It is a big tube and big tubes must have high Miller capacitance! Seriously I think many are assuming that just because the tube is big and have high Cgp and high Cgk it must have a high Miller capacitance, but as you are writing Miller capacitance is dependant on the gain of the tube in the application according to Cmiller = Cgk + A*Cgp where A is the gain of the tube in the circuit, note A is not the mu of the tube.

For OTL's you are probably using many 6AS7 in parallell so you would have quite a lot of capacitance but not excessively so.

The same rumour about high Miller and high grid current is spread about 6C33C but in reality Miller is similar to a 300B and grid current is not higher than a standard bem power tube like EL34 or similar but a big envelope like the 6C33C make people think in strange ways.

Regards Hans
 
Can you tell how much current a 6C33C draws when drived into class 2 operation?

No I have never measured it, I don't use class 2 operation as I think it put very high requrements on the driver stage which has to cope with driving an impedance which is not constant but varies between very high and very low in the kohm range.

My comment about grid current in 6C33C where obviously refering to negative voltage operation where the drive requirements are very low. The grid current at -0.5V is specified to <5uA and the max allowed grid leak is specified to 200kohm for fixed bias and 1.5Mohm! with cathode bias.

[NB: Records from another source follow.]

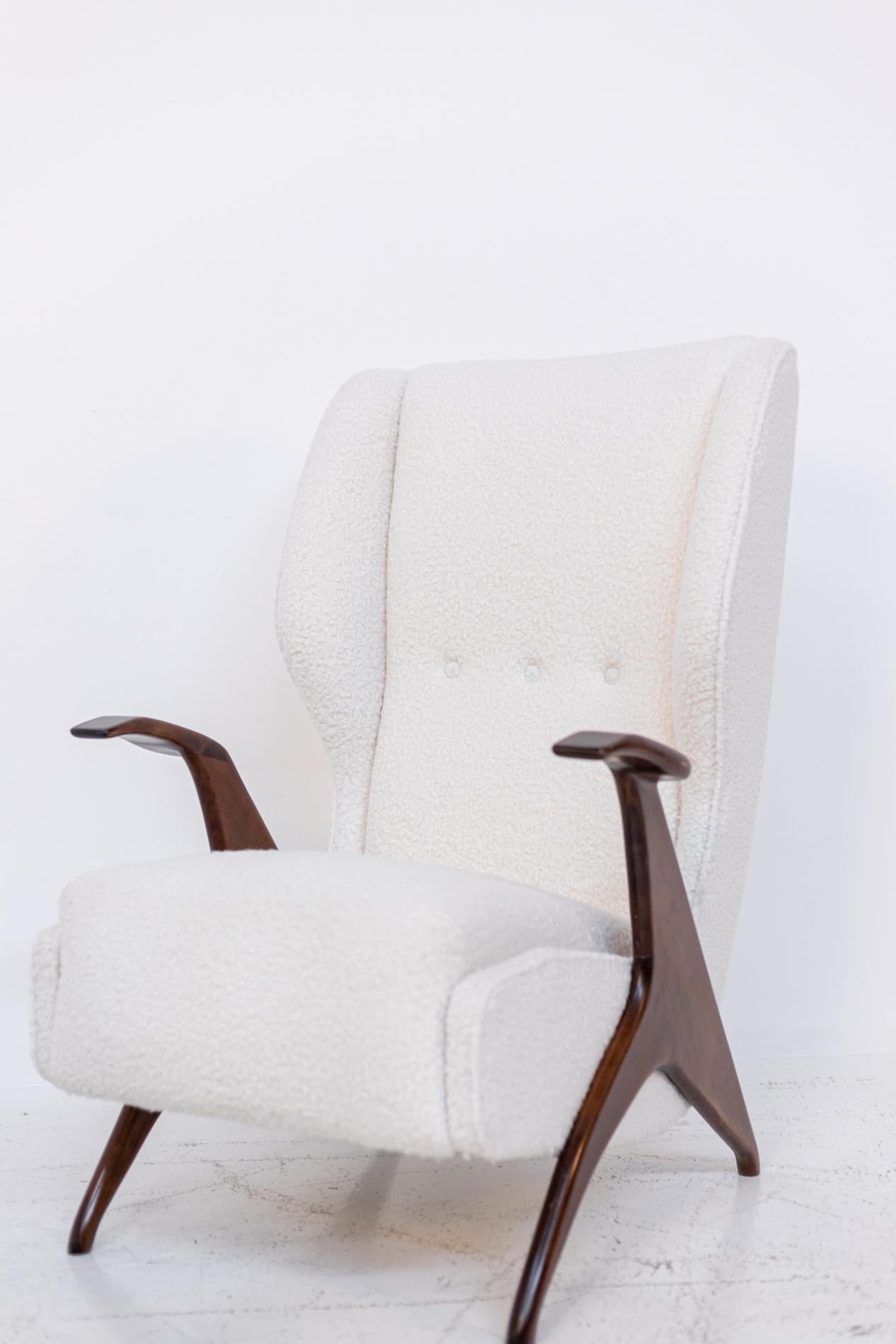 Italian Armchairs in White Bouclè and Sculpture Wood 6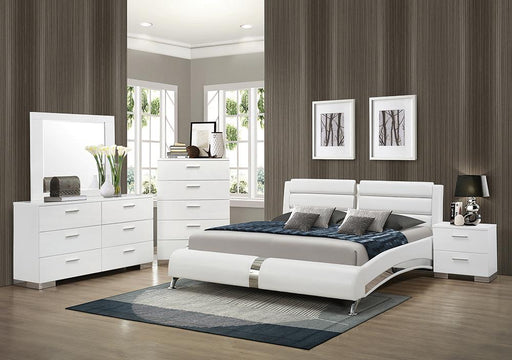 Jeremaine 5-piece California King Bedroom Set Glossy White image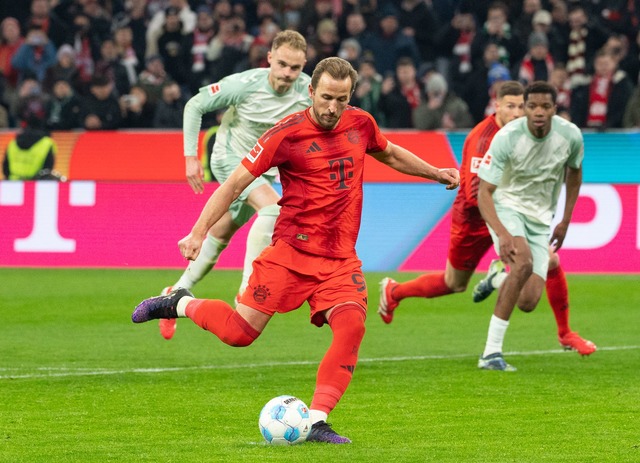 Harry Kane bei seinem 29. Elfmeter-Tor...inander zum 3:0-Endstand gegen Werder.  | Foto: Magdalena Henkel/dpa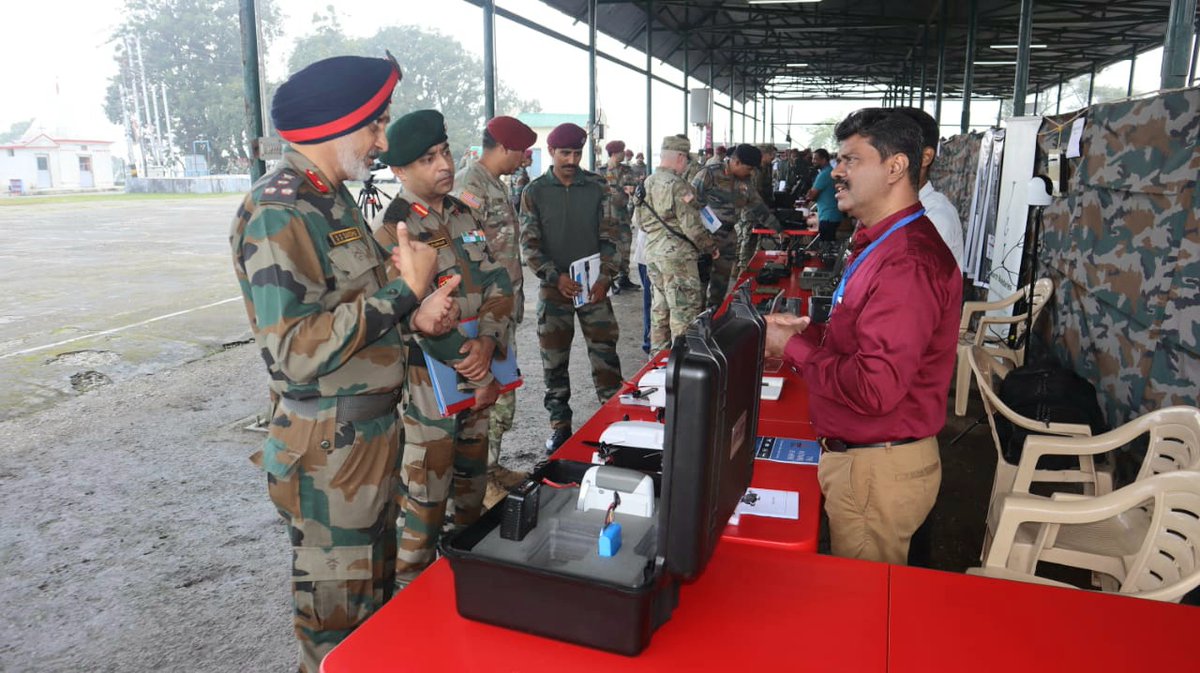 adgpi's tweet photo. #VajraPrahar

India-US Joint #SpecialForces Exercise #VajraPrahar culminated today at #Bakloh. An indigenously developed weapon &amp; equipment display was conducted after the exercise to showcase #AatmanirbharBharat prowess of the Nation.

#IndianArmy
#IndiaUSFriendship https://t.co/iygd6p8EPE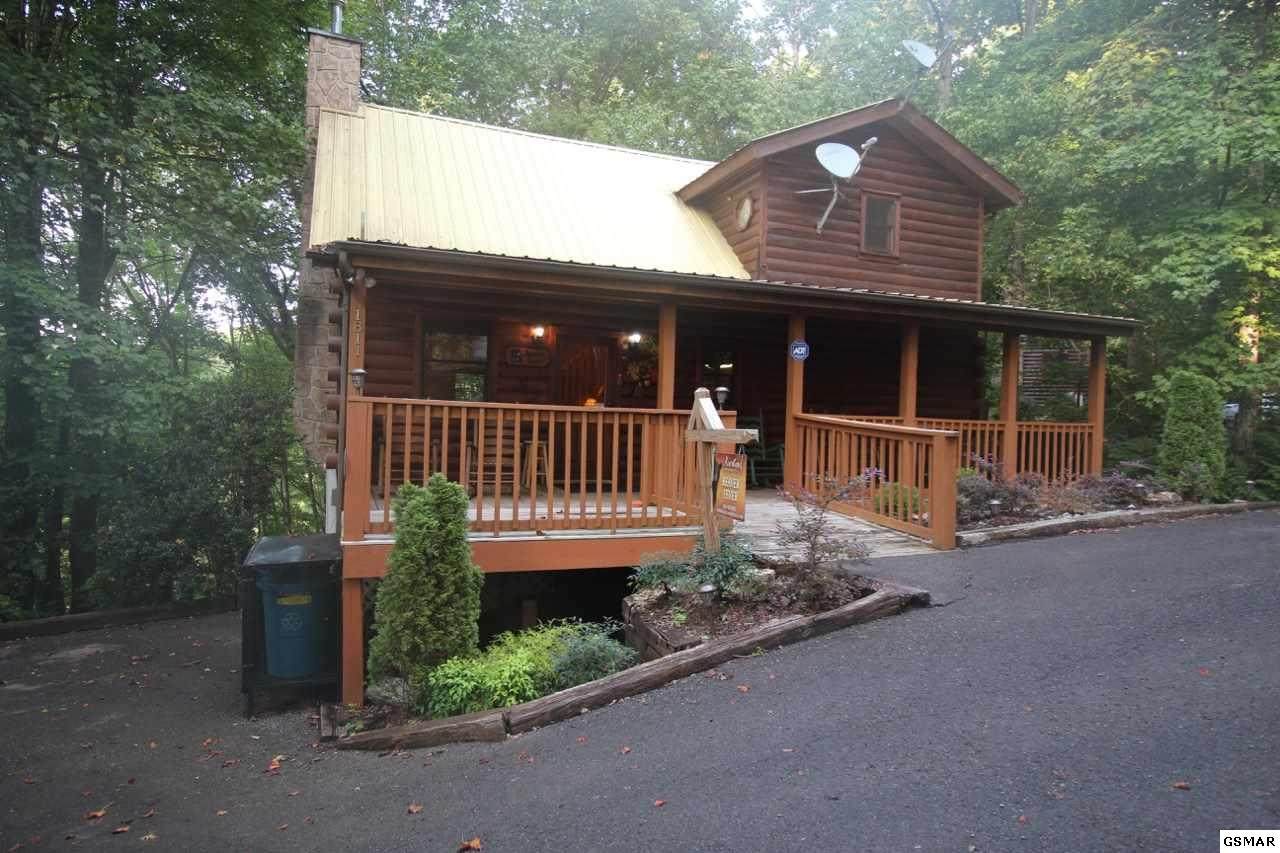 1811 Foothills Forest Way - Photo 1
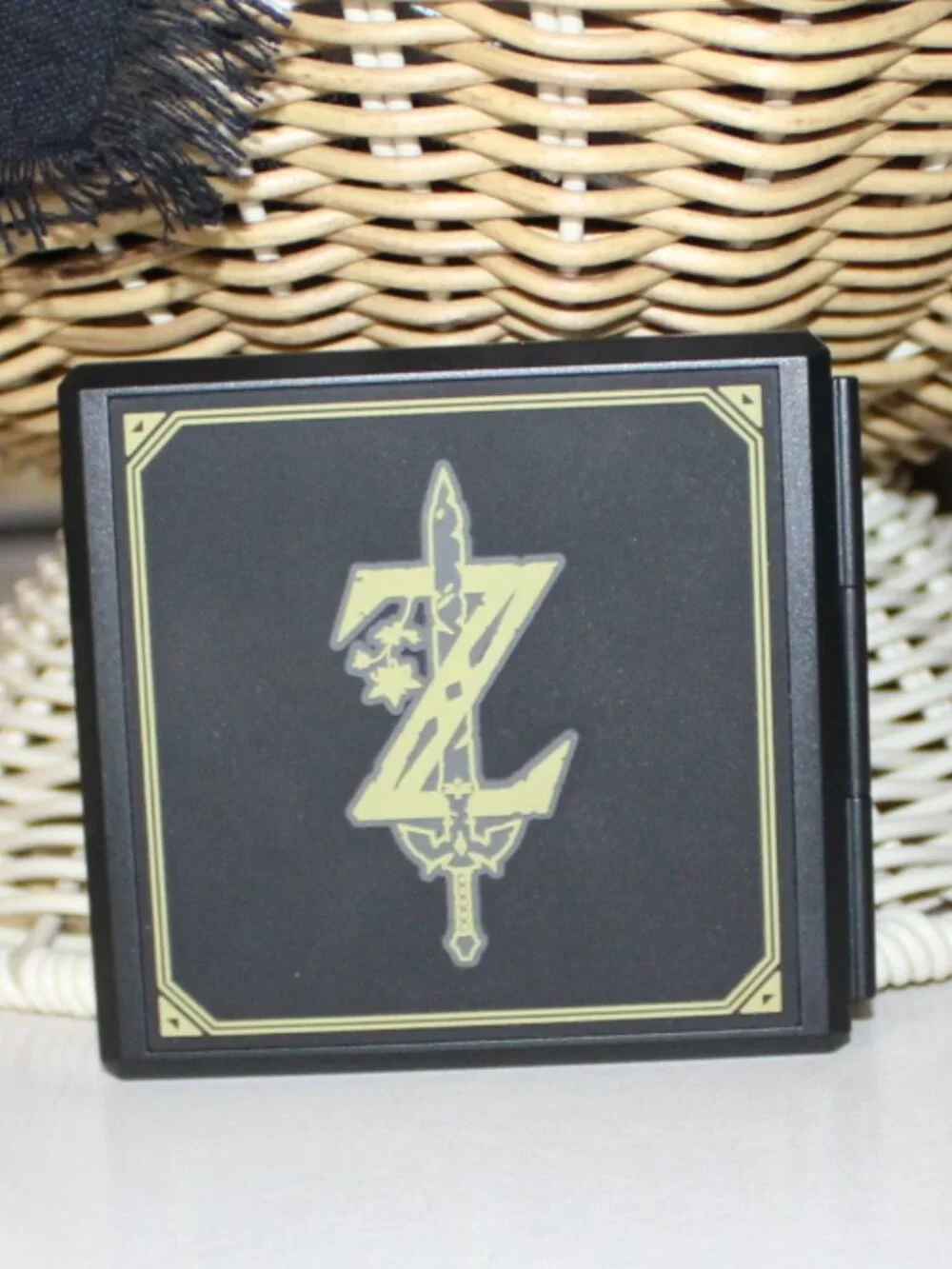 NWOT Zelda Game card case for Nintendo Switch NICE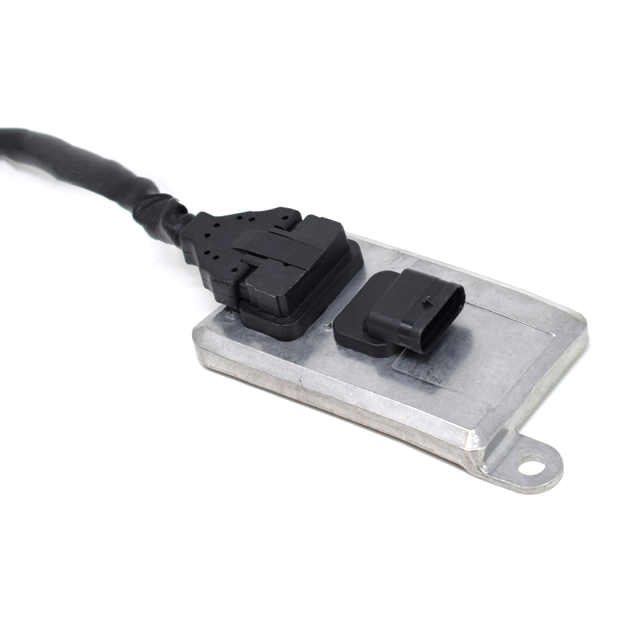 TNX010 Nox Sensor - Post-Cat - Suits Iveco Eurocargo, Stralis, Trakker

I would expect that grid current with positive grid voltage is rather high for this kind of tube with high Gm.

Regards Hans
 
tubetvr said:
It is a big tube and big tubes must have high Miller capacitance! Seriously I think many are assuming that just because the tube is big and have high Cgp and high Cgk it must have a high Miller capacitance, but as you are writing Miller capacitance is dependant on the gain of the tube in the application according to Cmiller = Cgk + A*Cgp where A is the gain of the tube in the circuit, note A is not the mu of the tube.
. . .
Regards Hans

Yeap, that's curious.

It seems that very few people takes care of the terrible effect of an 1M pot in the grid of a plate loaded 12AX7 :xeye:
Vintage sound ?

Yves.
 
Shoog said:
Just a simple question. My understanding of Miller Capacitance is that it is made up of grid to plate capacitance multiplied by the gain of the 6AS7 +1.

Yes.


Since the 6AS7's gain is just 2x how come it has such a high Miller capacitance. What am I missing.

Shoog

Here are the capacitances of the 6AS7:

Input: 6.5pF
Output: 2.2pF
Reverse Transfer: 7.5pF

If using each section in parallel, double those values. For the 845, the respective internal capacitances are:

Input: 6.0pF
Output: 6.5pF
Reverse Transfer: 13.5pF

Considering that one 845 has a Pd of 75W, and two sections of a 6AS7 have 26W, yeah, that's pretty bad. As for what you're missing, it's this: the 845 was designed to function primarily as an audio power amp that can also operate as an RF amp (though that's not often done). The 6AS7 was designed to operate as a DC amplifier for voltage regulators, either as a series pass device or a parallel regulator. Being that it's primarily a DC device that's incidentally used as an audio PA, reduction of interelectrode capacitance obviously wasn't a high priority.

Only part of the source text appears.